Assurance vie : les assureurs remettent en cause le délai de renonciation.

Francesco Romanello,

Alors qu'est attendu dans les prochains jours le rapport Berger/Lefebvre sur l'épargne longue, les assureurs réclament en catimini un allégement des règles d'information en matière d'assurance vie et un raccourcissement du délai de renonciation pour les souscripteurs. Véritable garde-fou contre d'éventuels contournements de la loi par les assureurs, cette obligation d'information garantit la protection des consommateurs. Assouplir la loi reviendrait à affranchir les assureurs de leur devoir d'informer les assurés.

Que dit la loi ?
Selon les articles L.132-5-1 et L.132-5-2 du Code des Assurances, le souscripteur d'un contrat d'assurance vie ou de capitalisation peut dénoncer son contrat par lettre recommandée avec AR pendant un délai de 30 jours calendaires à compter :
- du premier versement pour les contrats conclus avant le 01 mars 2006 ;
- du moment où le contrat est signé pour les contrats conclus à partir du 01 mars 2006.
Au préalable, l'assureur a obligation de respecter son devoir de conseil et d'information avant la signature du contrat et, dans un deuxième temps, de remettre une proposition de contrat incluant une lettre de renonciation, ainsi qu'une note d'information reprenant toutes les caractéristiques du contrat.
Le défaut de la part de l'assureur entraîne de plein droit la prorogation du délai de renonciation jusqu'au 30ème jour suivant la date de remise effective des documents conformes :
- sans limitation pour les contrats conclus avant le 01 mars 2006 ;
- dans la limite de 8 ans pour les contrats conclus à partir du 01 mars 2006.
L'assureur a obligation de restituer l'intégralité des sommes investies et supporte sur ses fonds propres l'éventuelle perte en capital subie par le contrat renoncé.

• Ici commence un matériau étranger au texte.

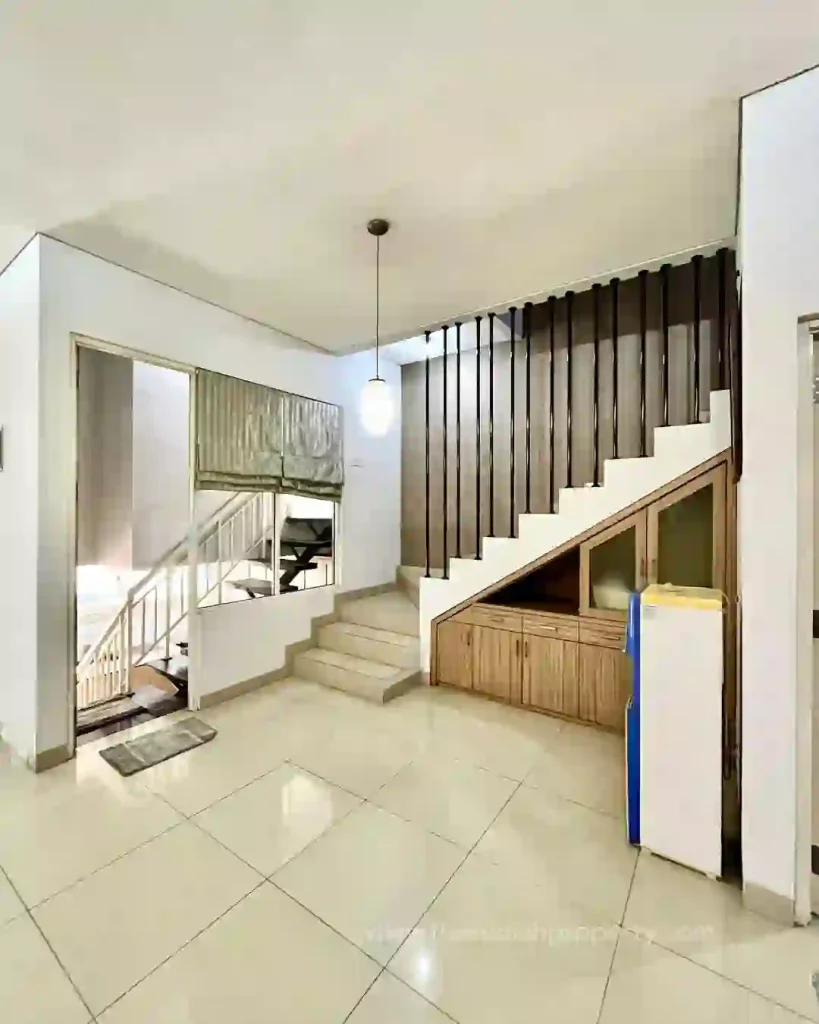 Townhouse 2 Lantai Pondok Pinang Jakarta Selatan Unit Furnished Siap Huni (6)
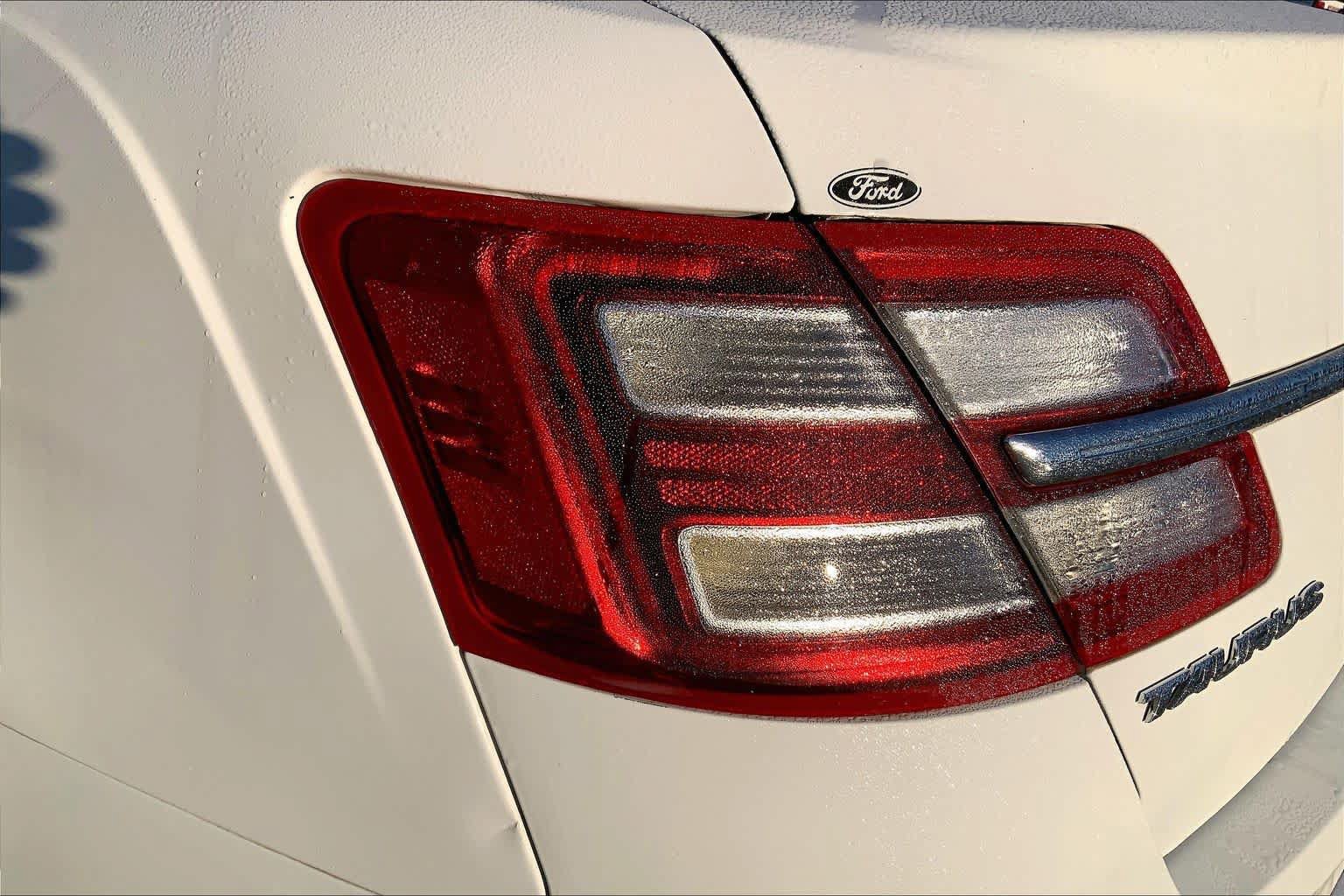 Used 2017 Ford Taurus SE FWD image 26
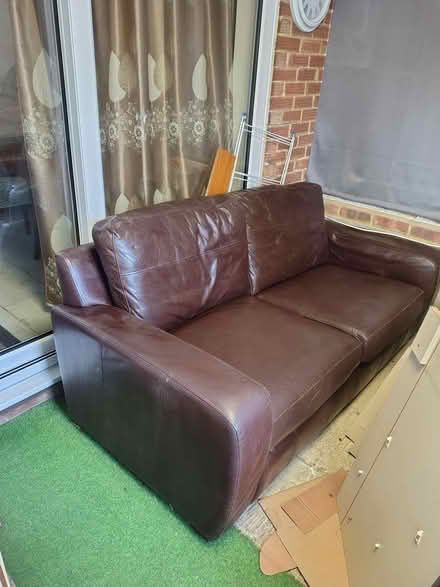 Photo of free Leather settee (Aylesbury HP19) #1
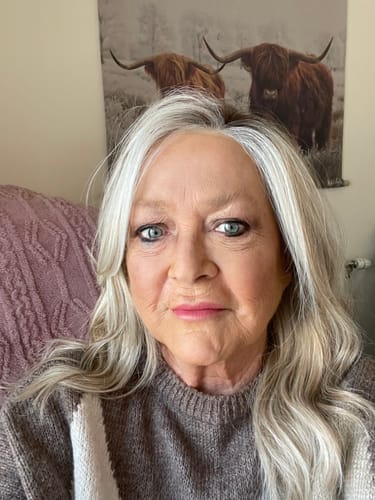 Customer photo review of [PRE-ORDER] JBEXTENSION 17 Inches Wave Mix Blonde Pre-Cut Side Part Snowflake Lace Frontlace Glueless Wig MARTINA MIX BLONDE【BENDY EAR TABS】
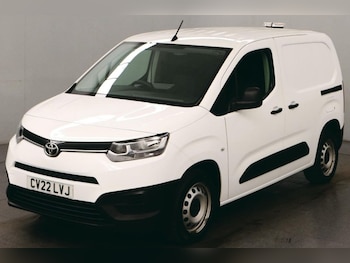 Toyota ProAce feature image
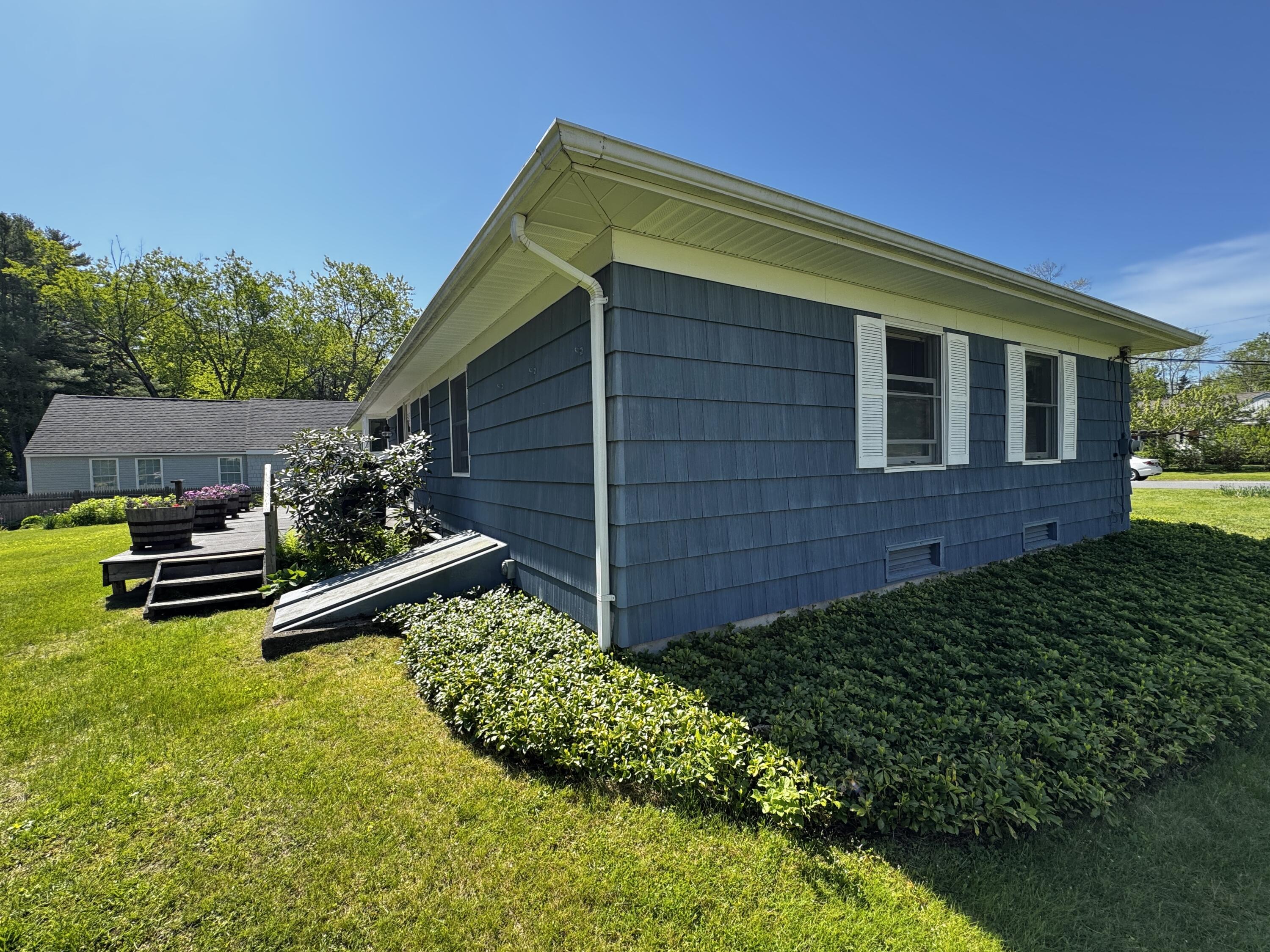18 Rand Road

Que réclament les assureurs ?
Plusieurs assureurs, notamment la société Axa, soutiennent que cette faculté de renonciation prorogée, qu'ils considèrent comme une sanction à leur égard, porte atteinte à leurs biens et viole une des règles de la Convention de sauvegarde des droits de l'homme et des libertés fondamentales ("Toute personne physique ou morale a droit au respect de ses biens. Nul ne peut être privé de sa propriété que pour cause d'utilité publique et dans les conditions prévues par la loi et les principes généraux du droit international.").
Les assureurs voudraient tout particulièrement limiter le risque systémique lié au délai de renonciation qu'ils encourent sur les unités de compte. Selon Nicolas Moreau, président d'Axa, "tout évènement affectant la valeur des unités de compte est susceptible de déclencher des demandes massives de renonciation, au détriment de la solvabilité des compagnies d'assurance". Il souhaiterait qu'une réforme soit engagée pour limiter ce risque, ainsi que les obligations d'information à l'égard des épargnants. Du côté de la FFSA, on assure ne pas vouloir remettre en cause cette faculté de renonciation, mais plutôt modifier les règles pour éviter les pratiques de mauvaise foi.
Dans les affaires de justice entre assurés et assureurs concernant l'obligation contractuelle des seconds, il est régulièrement jugé que l'assureur est libre de délivrer à l'assuré toutes les données indispensables à la parfaite information de ce dernier et de se mettre ainsi à l'abri de toute renonciation.